Design, Setting, and Participants

Measures of the availability of specialty mental health treatment resources were derived using national data for 31 836 zip code tabulation areas from 2013 to 2015. Analyses examined the association between community socioeconomic status (assessed by median household income quartiles) and resource availability using logistic regressions. Models controlled for zip code tabulation area–level demographic characteristics and state indicators.

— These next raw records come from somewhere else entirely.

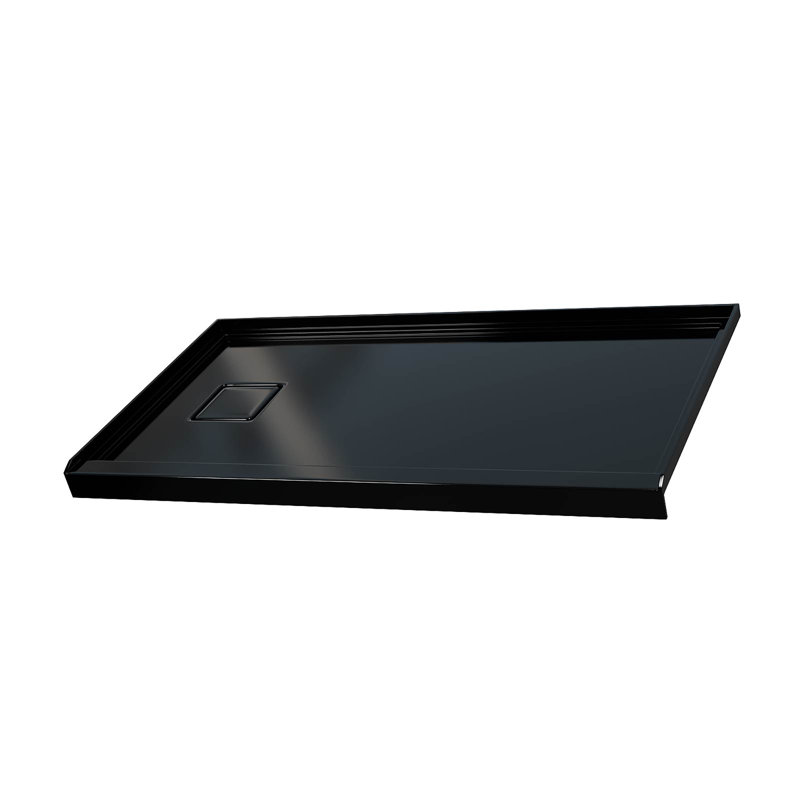 Base de douche moderne antidérapante à finition marbrée avec seuil plus large, H 60 po x l 32 po x P 3,6 po, Lustre noir
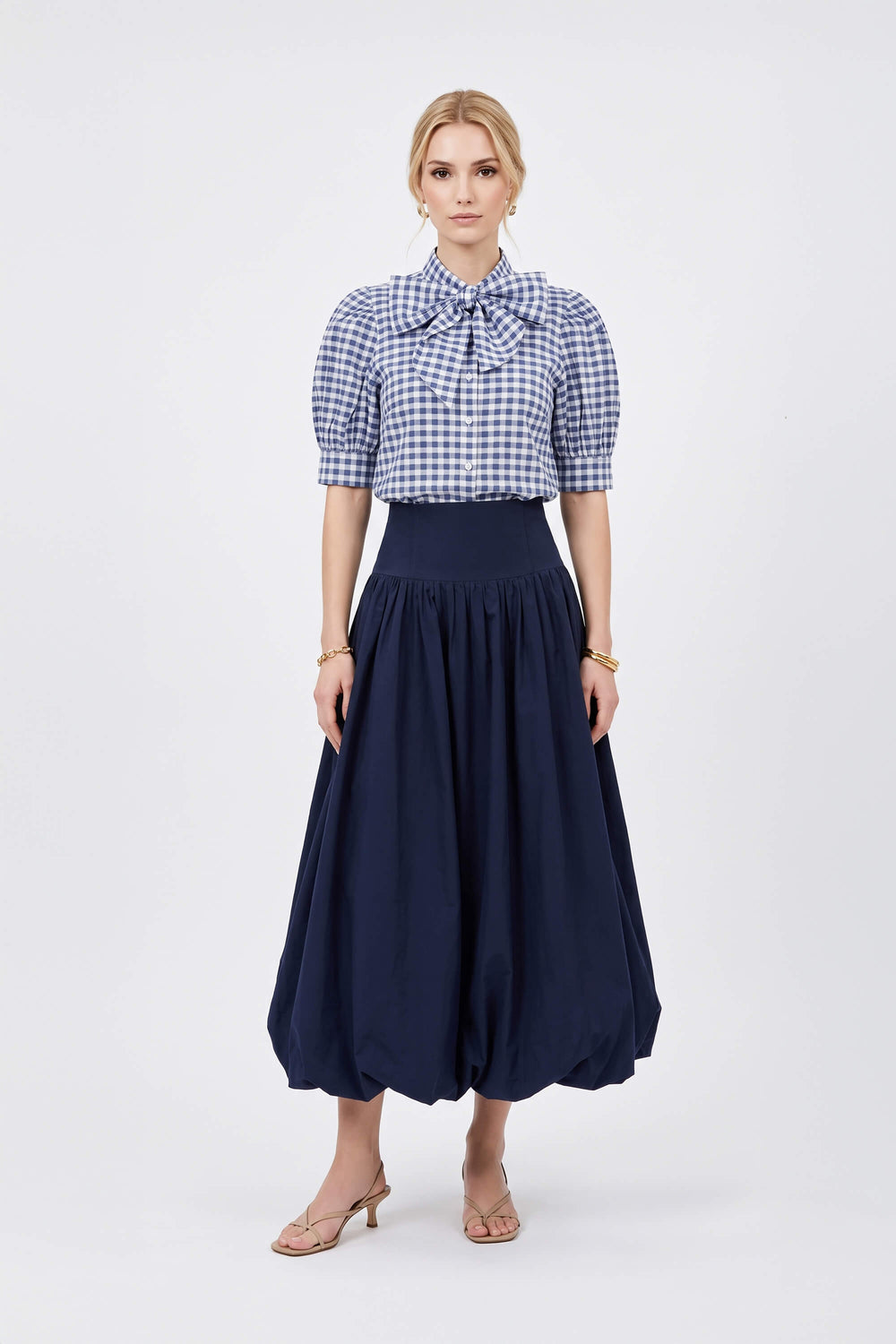 Elena Gingham Bow Puff Sleeve Blusa 753007 MAR - Reina Diaz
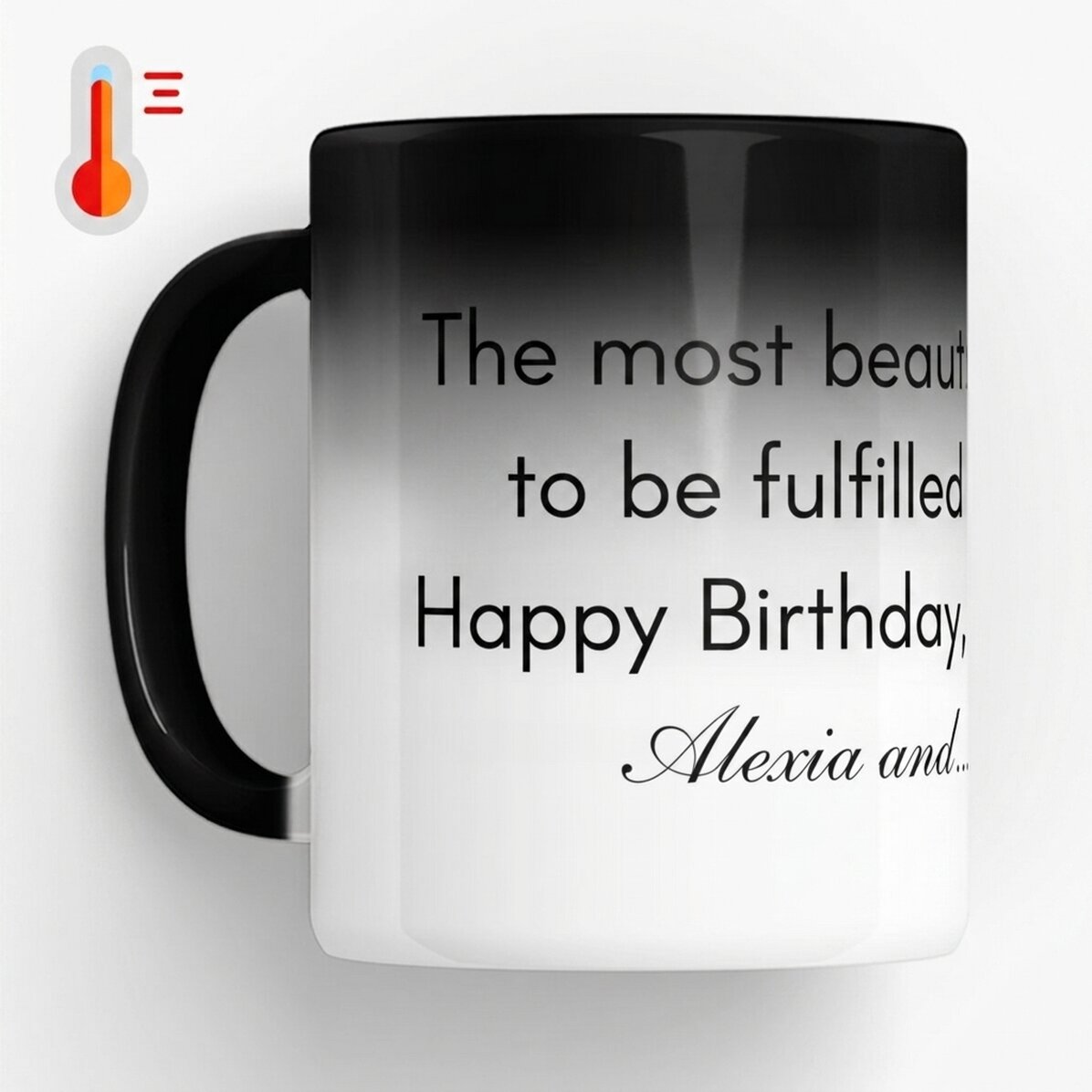 Taza termosensible personalizada con texto: un mensaje para tus seres queridos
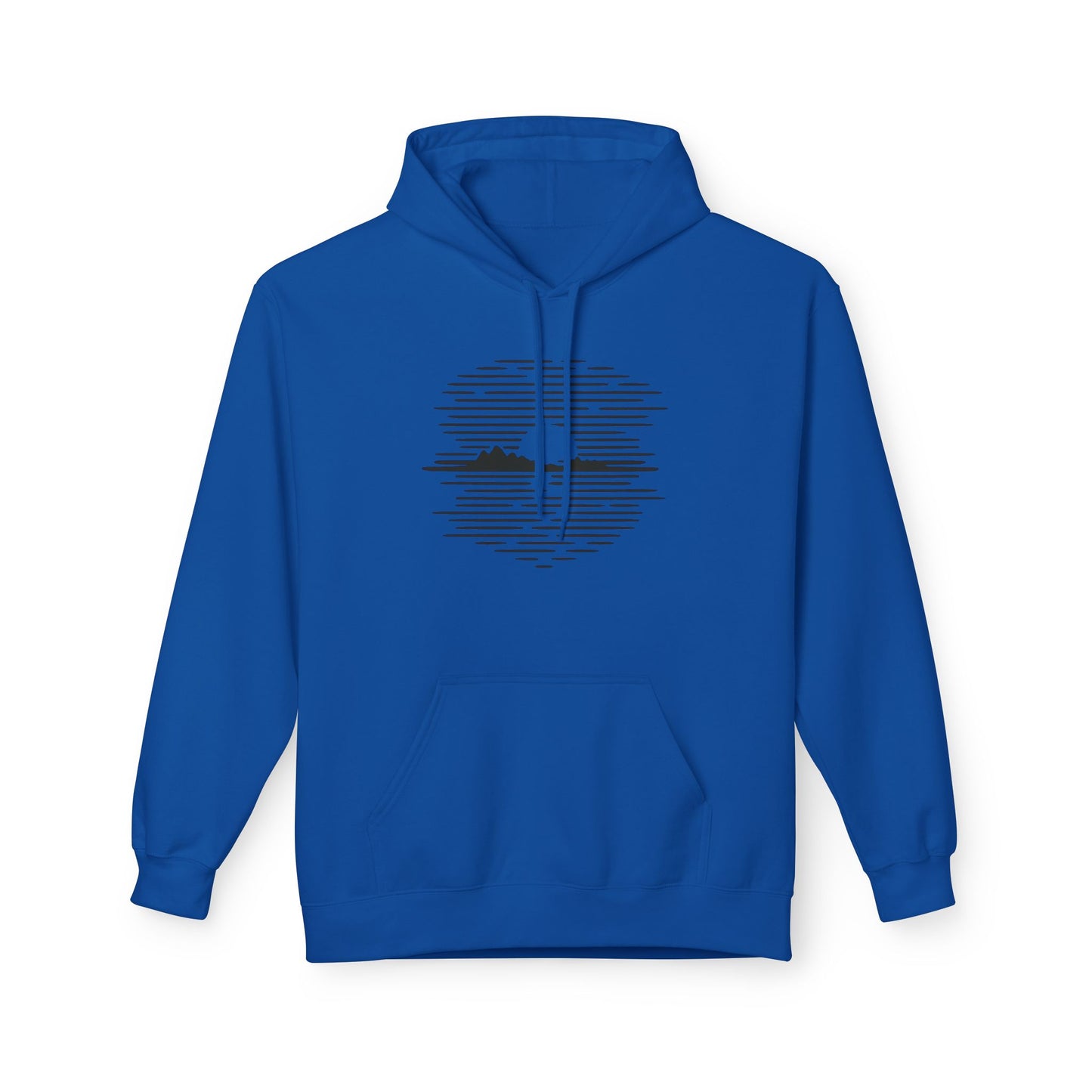 Unisex Hoodie mit Berg-Sonnenuntergang Design (Brustprint) – Minimalistischer Natur Pullover aus Baumwolle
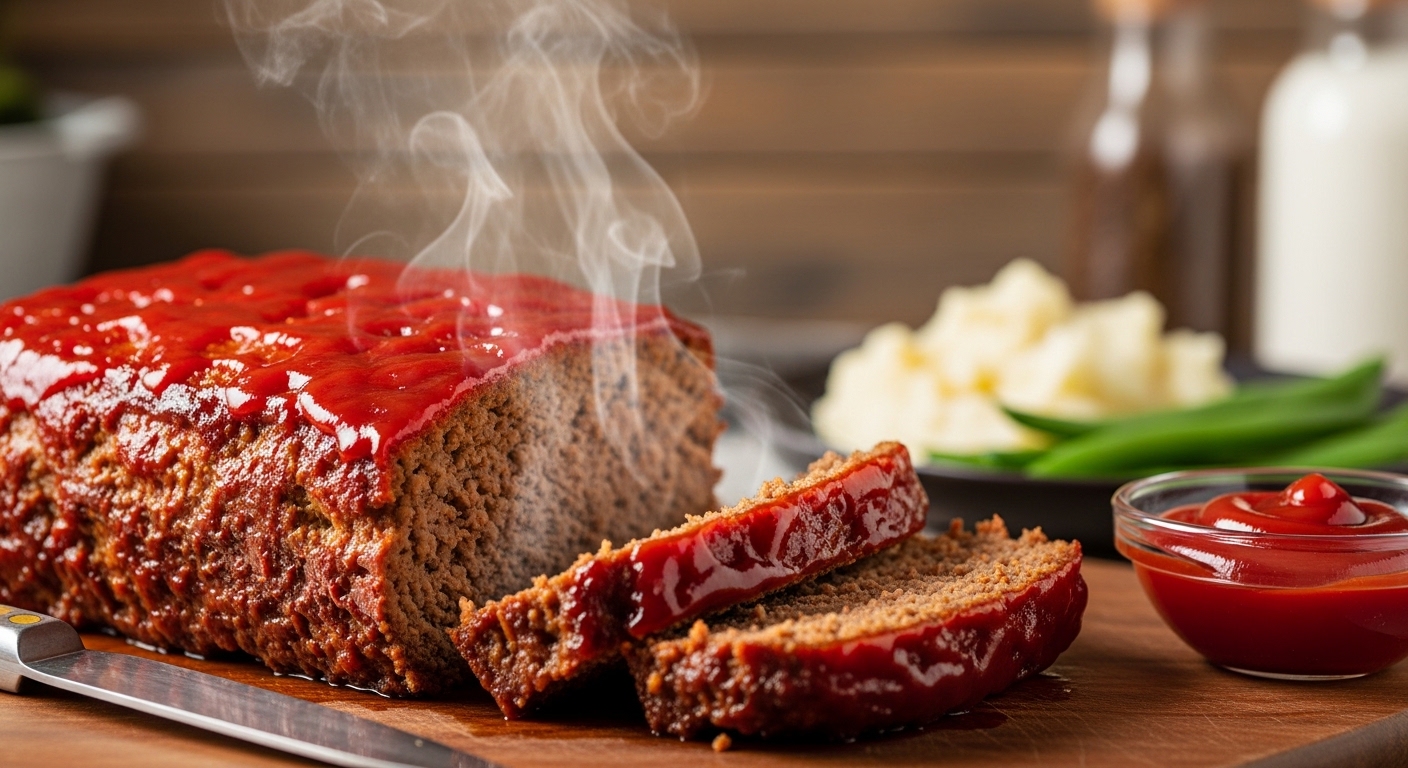 "Easy homemade meatloaf with caramelized ketchup glaze sliced on a wooden board, juicy and tender inside, served as a comforting weeknight dinner."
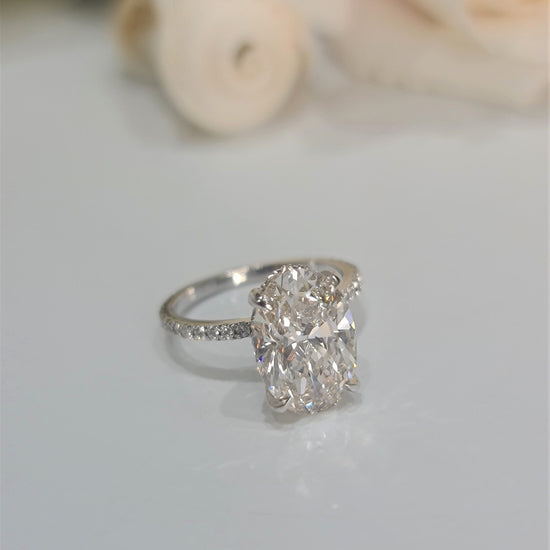 3.0 CT Oval Hidden Halo CVD G/VS1 Diamond Engagement Ring 3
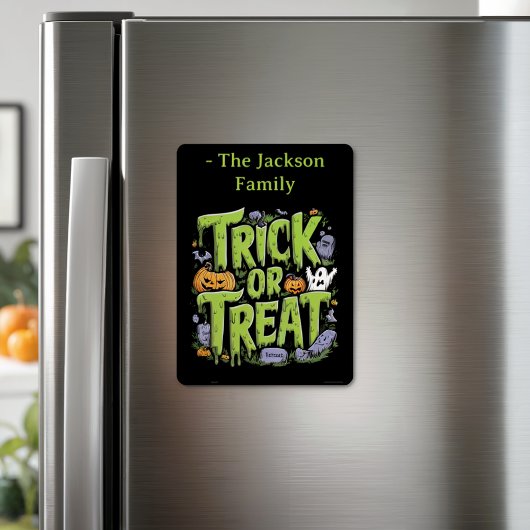 Spooky Trick oder Treat Slime Halloween Magnetkarte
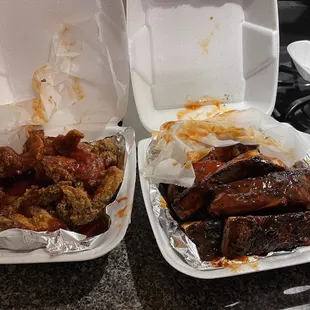 Wings and ribs was outstanding will be going back again and again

Main Outcomes and Measures

Dichotomous indicators for whether a zip code tabulation area had any (1) outpatient mental health treatment facility (more than nine-tenths of which offer payment arrangements for low-income populations), (2) office-based practice of mental health specialist physician(s), (3) office-based practice of nonphysician mental health professionals (eg, therapists), and (4) mental health facility or office-based practice (ie, any community-based resource).

Results

Of the 31 836 zip code tabulation areas in the study, more than four-tenths (3382 of 7959 [42.5%]) of communities in the highest income quartile (mean income, $81 207) had any community-based mental health treatment resource vs 23.1% of communities (1841 of 7959) in the lowest income quartile (mean income, $30 534) (adjusted odds ratio, 1.74; 95% CI, 1.50-2.03). When examining the distribution of mental health professionals, 25.3% of the communities (2014 of 7959) in the highest income quartile had a mental health specialist physician practice vs 8.0% (637 of 7959) of those in the lowest income quartile (adjusted odds ratio, 3.04; 95% CI, 2.53-3.66). Similarly, 35.1% of the communities (2792 of 7959) in the highest income quartile had a nonphysician mental health professional practice vs 12.9% (1029 of 7959) of those in the lowest income quartile (adjusted odds ratio, 2.77; 95%, 2.35-3.26). In contrast, outpatient mental health treatment facilities were less likely to be located in the communities in the highest vs lowest income quartiles (12.9% [1025 of 7959] vs 16.5% [1317 of 7959]; adjusted odds ratio, 0.43; 95% CI, 0.37-0.51). More than seven-tenths of the lowest income communities with any resource (71.5% [1317 of 1841]) had an outpatient mental health treatment facility.

Conclusions and Relevance

Mental health treatment facilities are more likely to be located in poorer communities, whereas office-based practices of mental health professionals are more likely to be located in higher-income communities. These findings indicate that mental health treatment facilities constitute the backbone of the specialty mental health treatment infrastructure in low-income communities. Policies are needed to support and expand available resources for this critical infrastructure.